## How to complete this task
Set down all of the entries below exactly, and omit the pictures.

Scraped caption text data
········

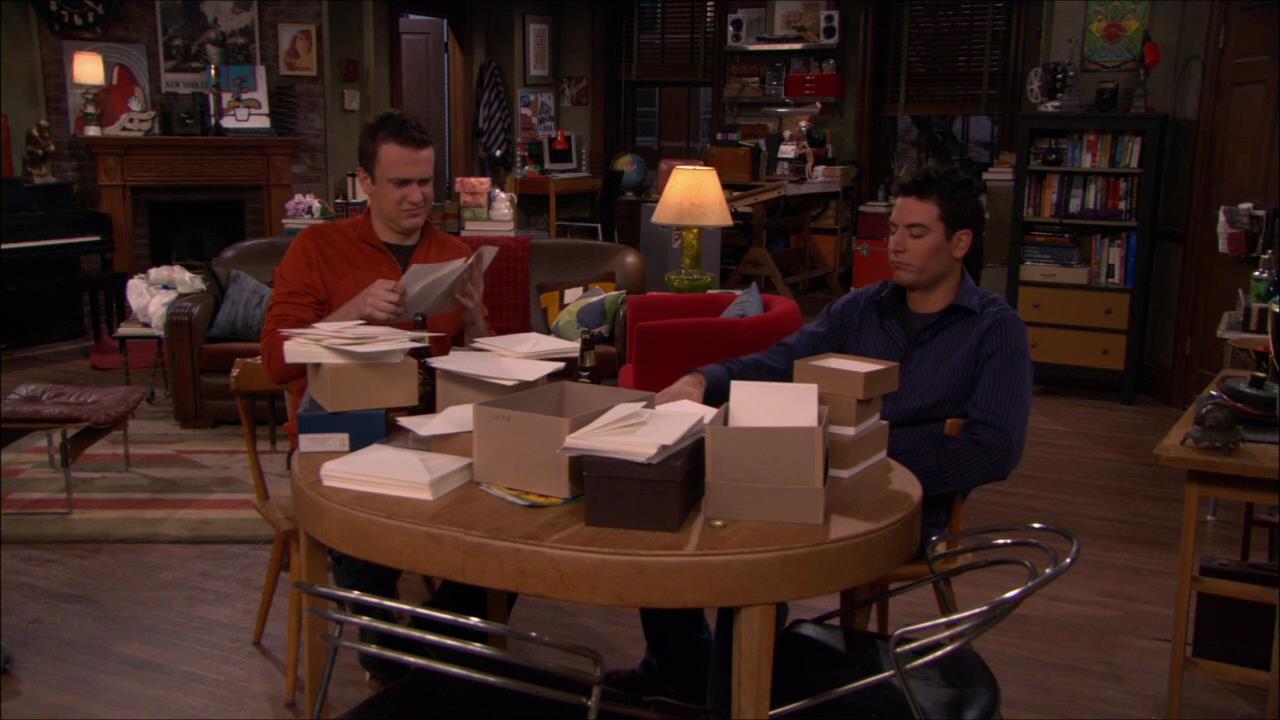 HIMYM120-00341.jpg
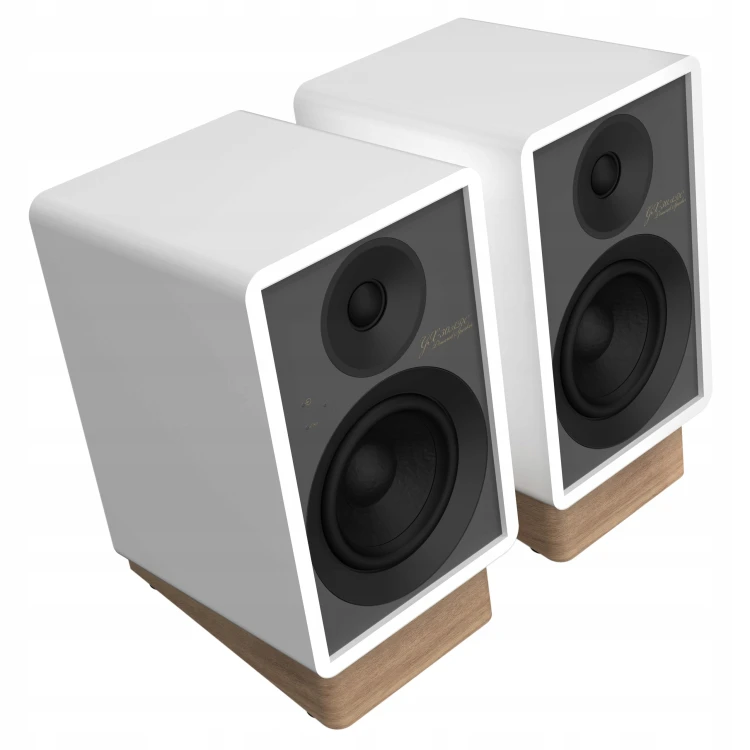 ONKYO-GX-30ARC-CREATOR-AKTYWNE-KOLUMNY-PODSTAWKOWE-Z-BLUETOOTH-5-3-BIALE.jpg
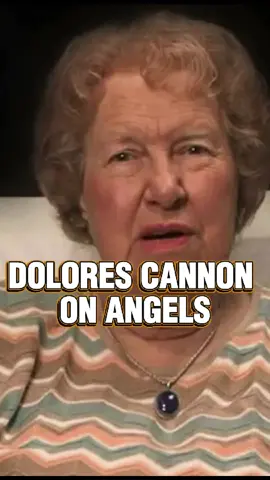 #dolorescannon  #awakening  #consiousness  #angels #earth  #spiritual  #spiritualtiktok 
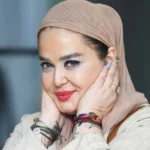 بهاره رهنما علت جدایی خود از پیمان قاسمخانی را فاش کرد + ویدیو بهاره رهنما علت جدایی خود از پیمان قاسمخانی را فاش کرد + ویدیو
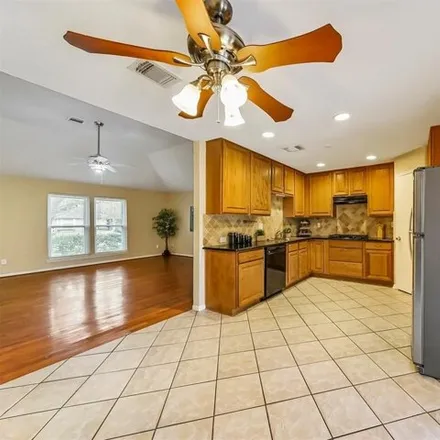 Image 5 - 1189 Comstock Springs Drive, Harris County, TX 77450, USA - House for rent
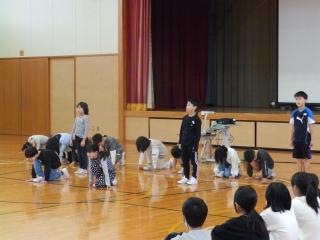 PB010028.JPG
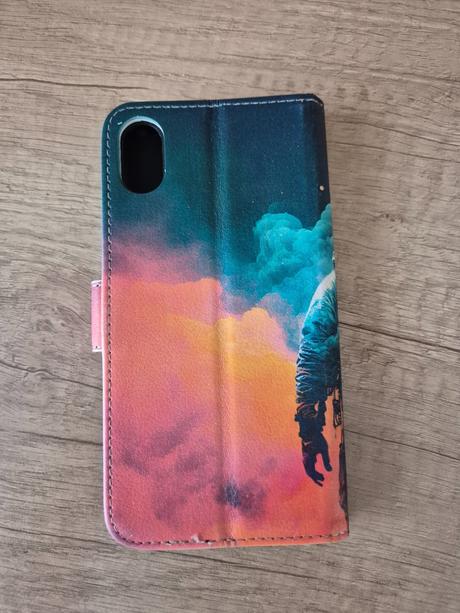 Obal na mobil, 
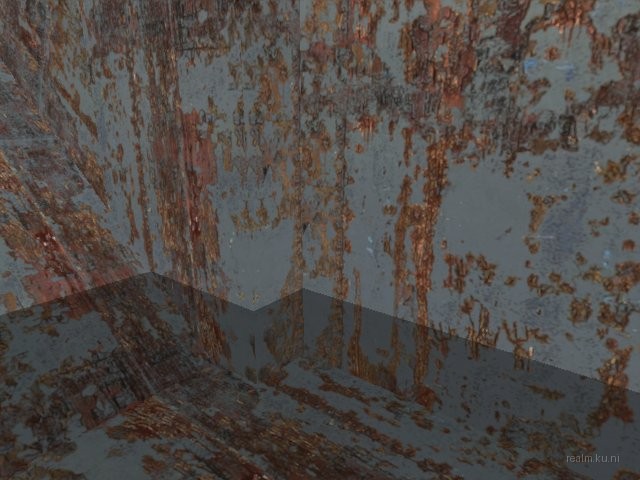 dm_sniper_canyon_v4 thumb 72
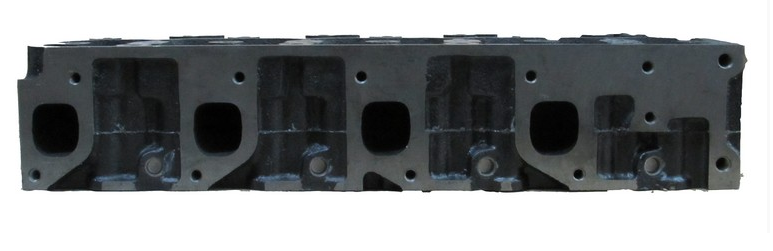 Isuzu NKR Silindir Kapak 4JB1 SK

········

## Solution below
 HIMYM120-00341.jpg
 ONKYO-GX-30ARC-CREATOR-AKTYWNE-KOLUMNY-PODSTAWKOWE-Z-BLUETOOTH-5-3-BIALE.jpg
 #dolorescannon  #awakening  #consiousness  #angels #earth  #spiritual  #spiritualtiktok 
 بهاره رهنما علت جدایی خود از پیمان قاسمخانی را فاش کرد + ویدیو بهاره رهنما علت جدایی خود از پیمان قاسمخانی را فاش کرد + ویدیو
 Image 5 - 1189 Comstock Springs Drive, Harris County, TX 77450, USA - House for rent
 PB010028.JPG
 Obal na mobil, 
 dm_sniper_canyon_v4 thumb 72
 Isuzu NKR Silindir Kapak 4JB1 SK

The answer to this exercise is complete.